▶ **Exercise aim**: In the material below, pictures must be dropped. Repeat exactly, and only, the lines from the line with "りこ【完全業界未経験緊張緊張" to the line with "Large-capacity Retro-style Single-shoulder", both ends included.
++++ Data for analysis
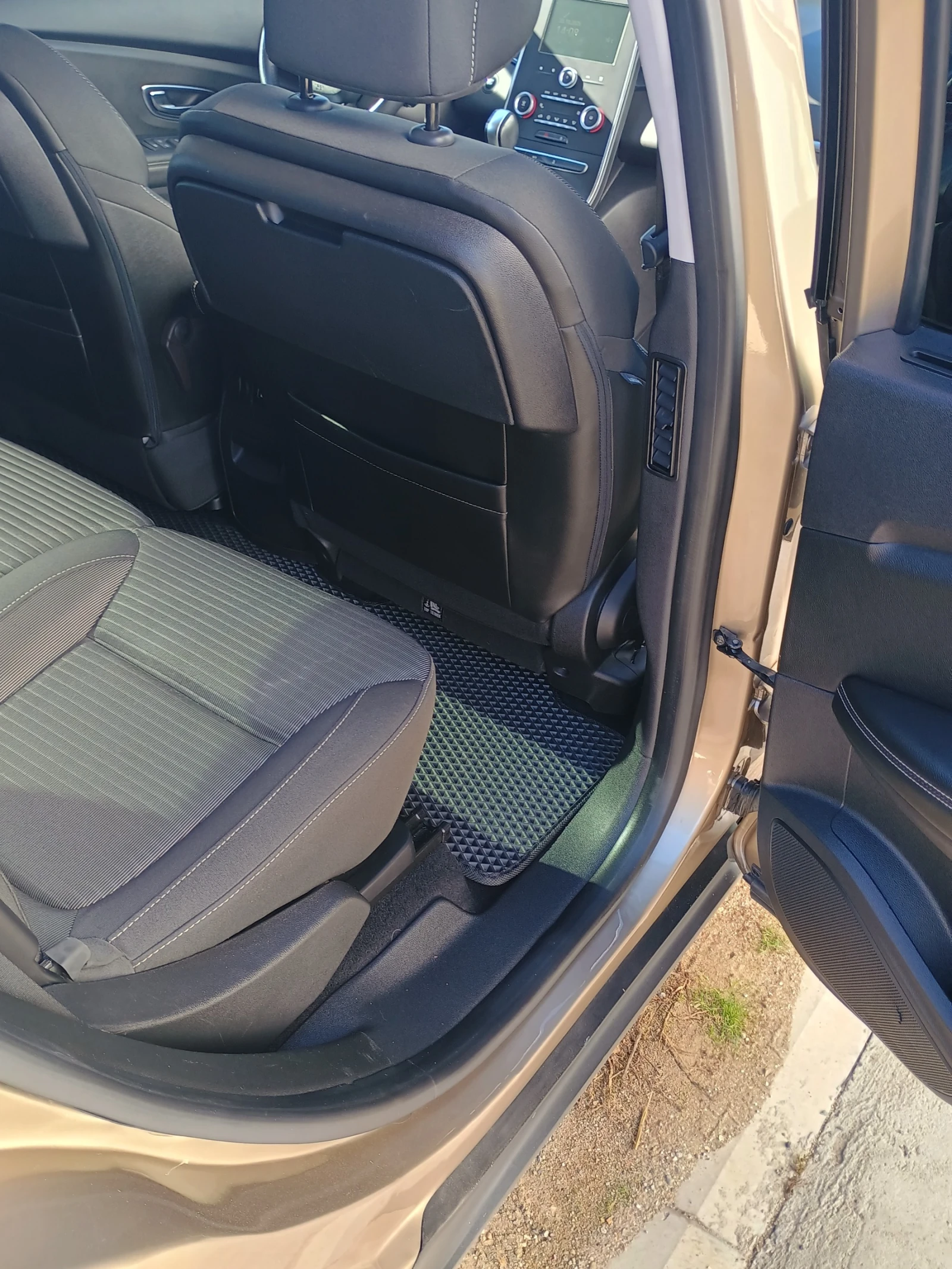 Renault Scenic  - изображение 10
++++++++
++++ Data for analysis
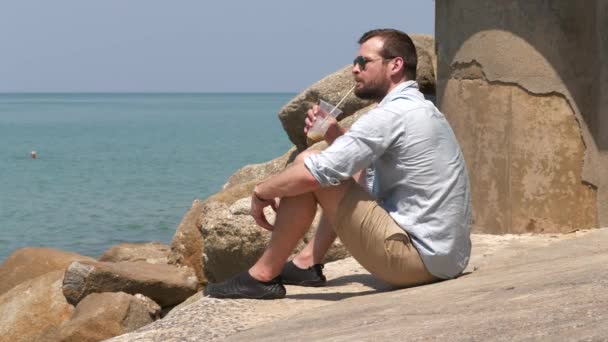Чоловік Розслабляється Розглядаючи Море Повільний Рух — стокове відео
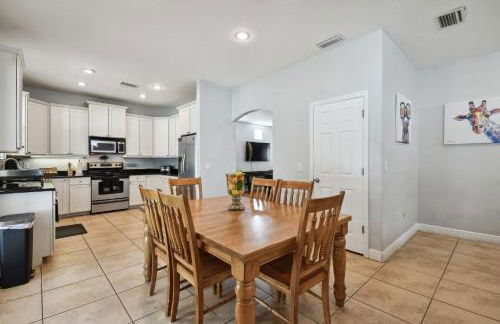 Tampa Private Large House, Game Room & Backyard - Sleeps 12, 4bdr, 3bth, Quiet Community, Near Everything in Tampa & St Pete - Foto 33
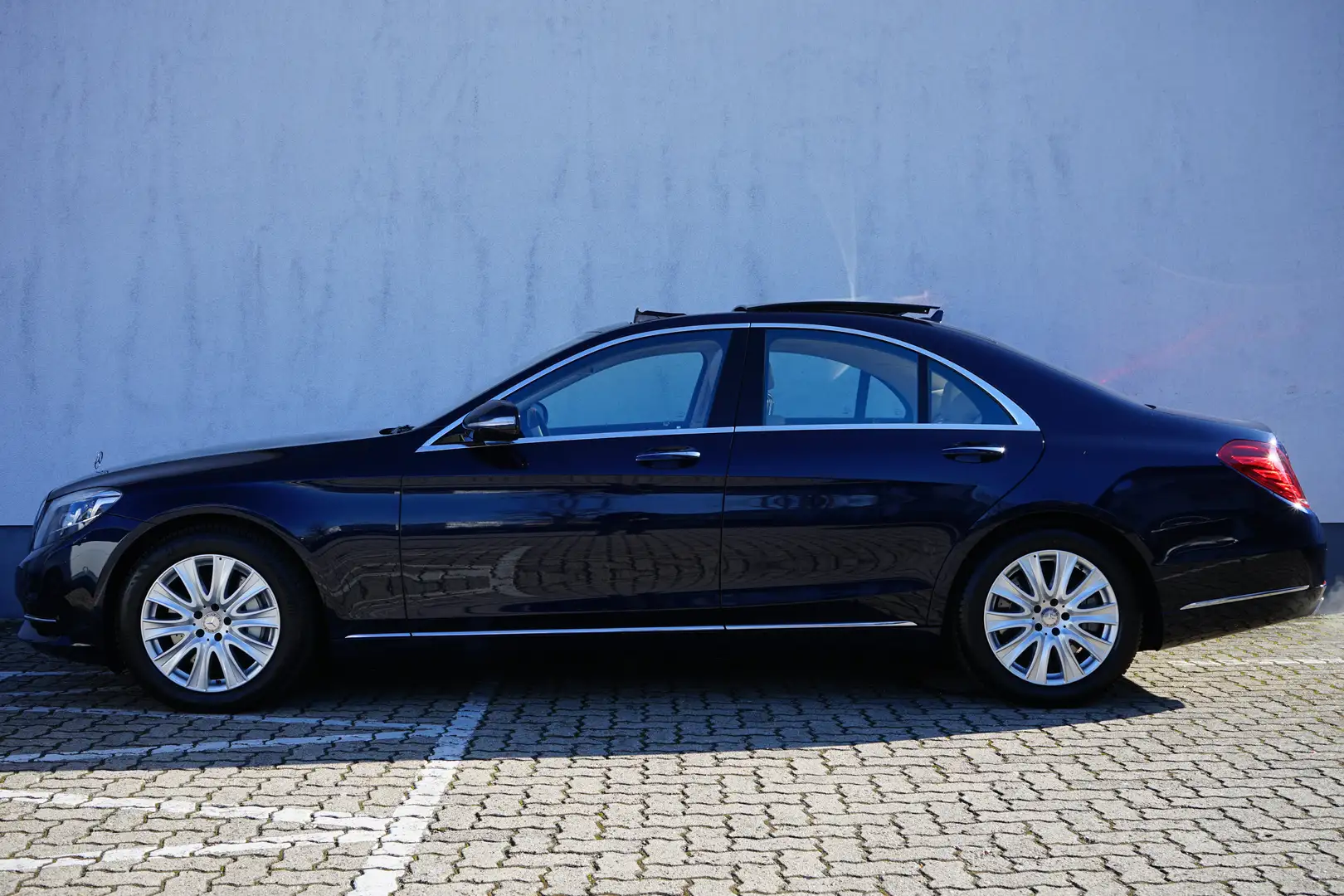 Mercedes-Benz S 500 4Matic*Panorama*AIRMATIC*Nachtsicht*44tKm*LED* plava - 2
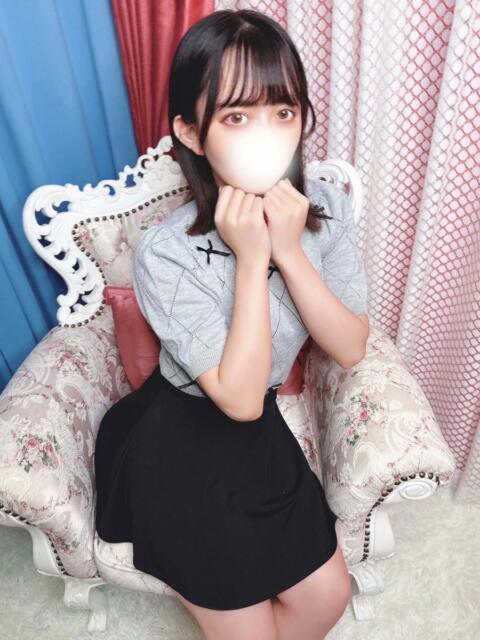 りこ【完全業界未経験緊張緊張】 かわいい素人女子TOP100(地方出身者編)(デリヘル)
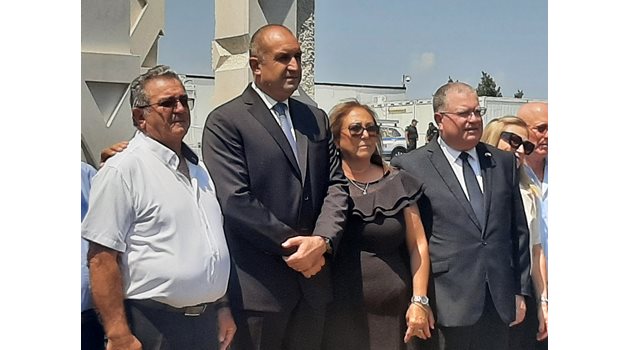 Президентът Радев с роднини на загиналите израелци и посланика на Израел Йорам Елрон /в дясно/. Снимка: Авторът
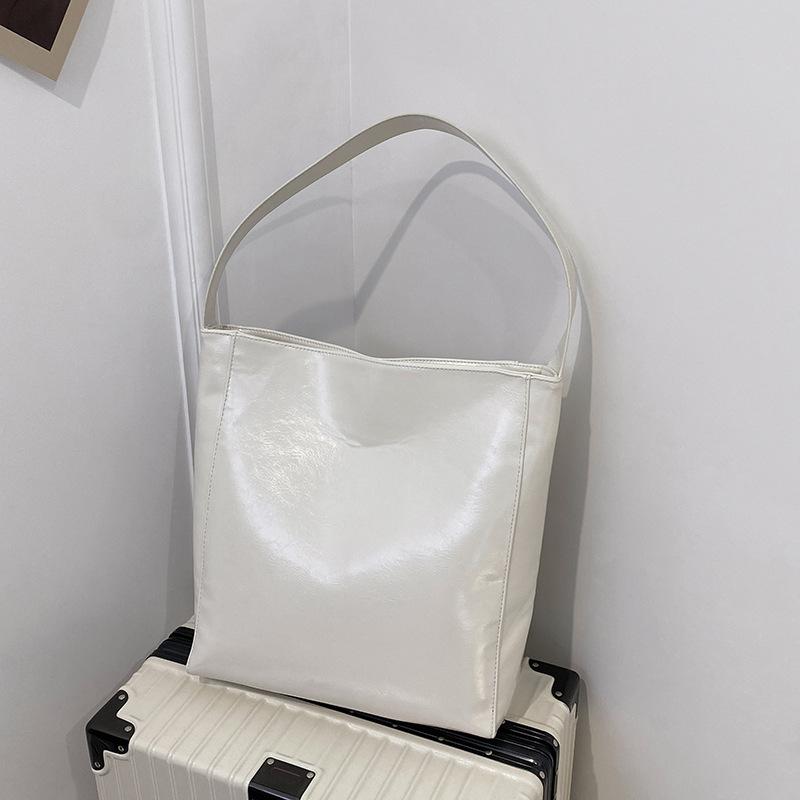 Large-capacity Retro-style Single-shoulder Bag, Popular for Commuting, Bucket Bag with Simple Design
++++++++
▶ **Solution below**:
 りこ【完全業界未経験緊張緊張】 かわいい素人女子TOP100(地方出身者編)(デリヘル)
 Президентът Радев с роднини на загиналите израелци и посланика на Израел Йорам Елрон /в дясно/. Снимка: Авторът
 Large-capacity Retro-style Single-shoulder Bag, Popular for Commuting, Bucket Bag with Simple Design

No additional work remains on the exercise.